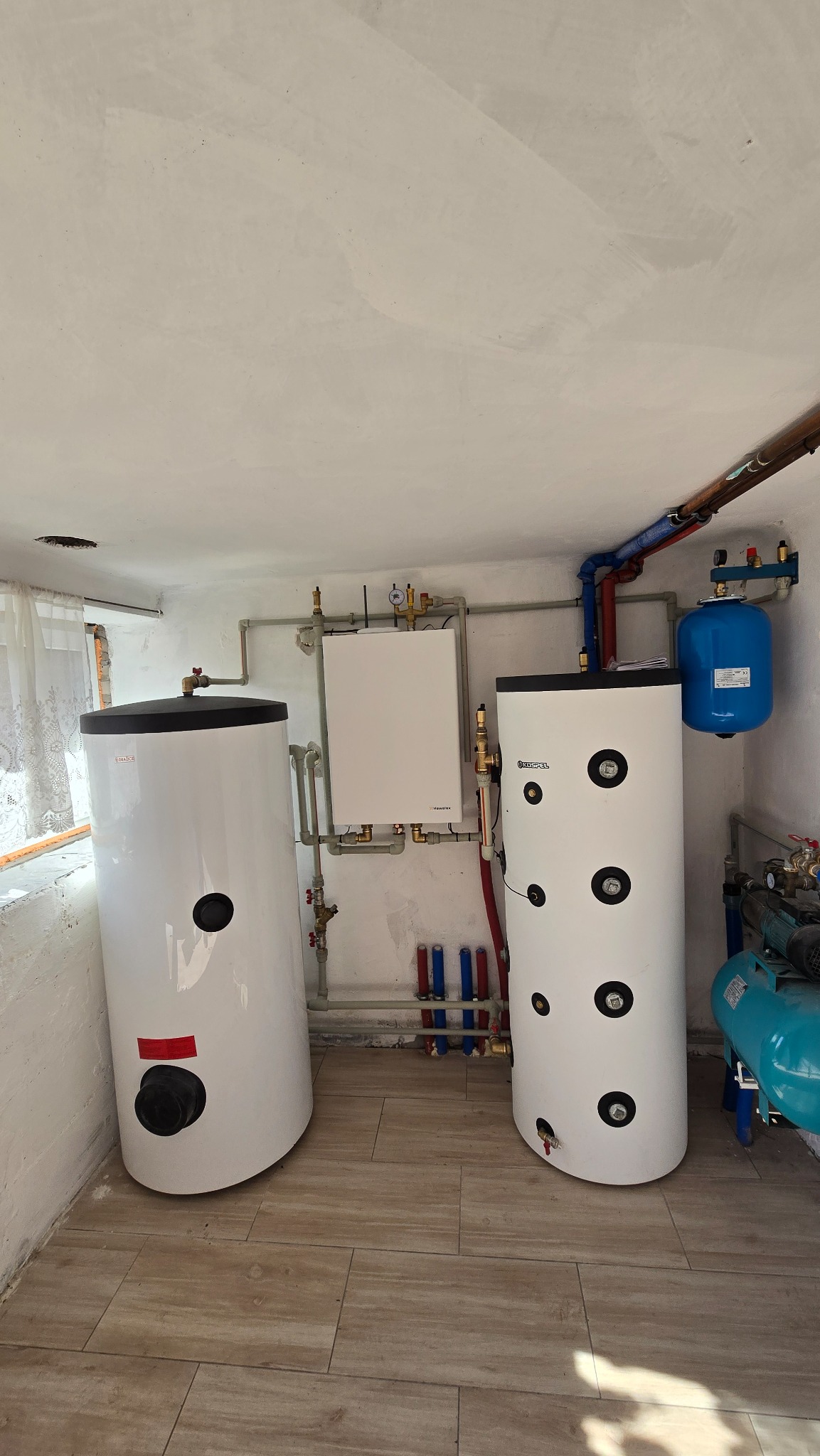 Dwa białe zbiorniki akumulacyjne ciepła, instalacja grzewcza z rurami, manometrem i zaworami w pomieszczeniu z beżową podłogą i oknem z zasłoną.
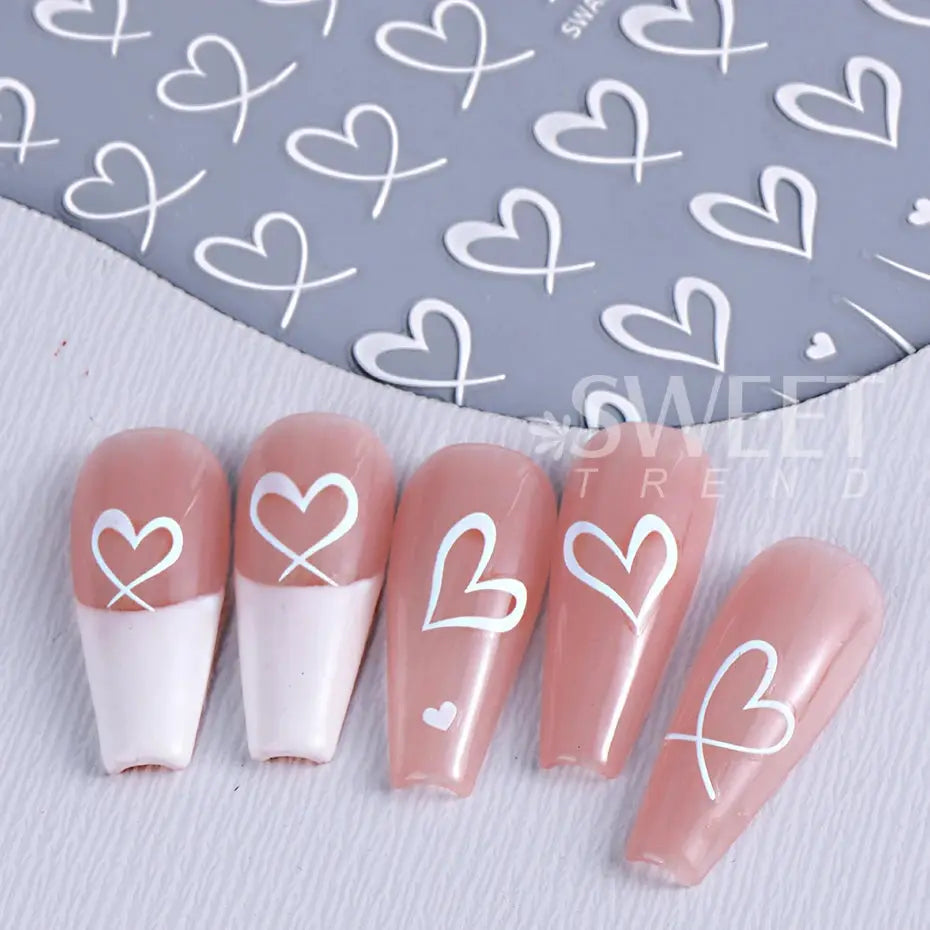 Valentine's Day nail art stickers with white heart and line designs on pink nails, 3D adhesive decals for DIY manicure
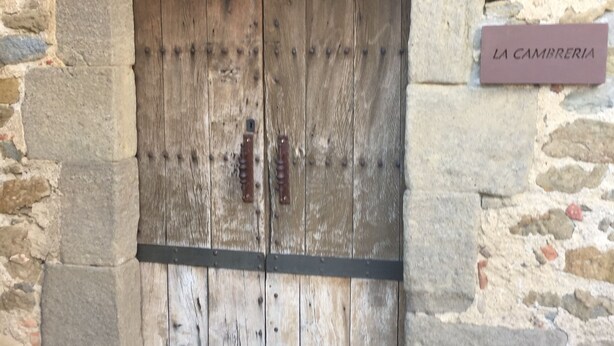 Een houten deur in rustieke stijl, met een stenen muur en een bord waarop 'LA CAMBRERIA' staat.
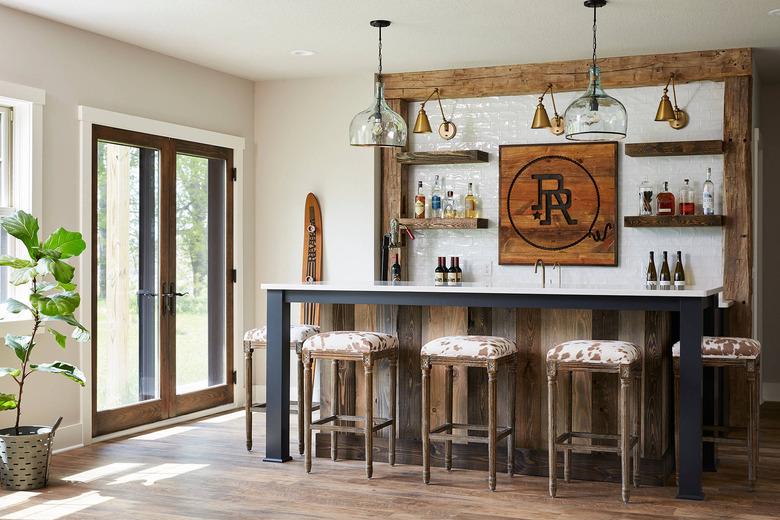 rustic basement bar with subway tile backsplash and cowhide stools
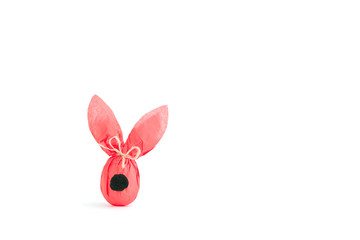 Fototapeta na wymiar Easter bunny gift egg wrapped in coral craft paper isolated on white background.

_ _ _ _ _ _ _

Excluding pictures, print all lines above exactly.

Solution to this exercise
 Dwa białe zbiorniki akumulacyjne ciepła, instalacja grzewcza z rurami, manometrem i zaworami w pomieszczeniu z beżową podłogą i oknem z zasłoną.
 Valentine's Day nail art stickers with white heart and line designs on pink nails, 3D adhesive decals for DIY manicure
 Een houten deur in rustieke stijl, met een stenen muur en een bord waarop 'LA CAMBRERIA' staat.
 rustic basement bar with subway tile backsplash and cowhide stools
 Fototapeta na wymiar Easter bunny gift egg wrapped in coral craft paper isolated on white background.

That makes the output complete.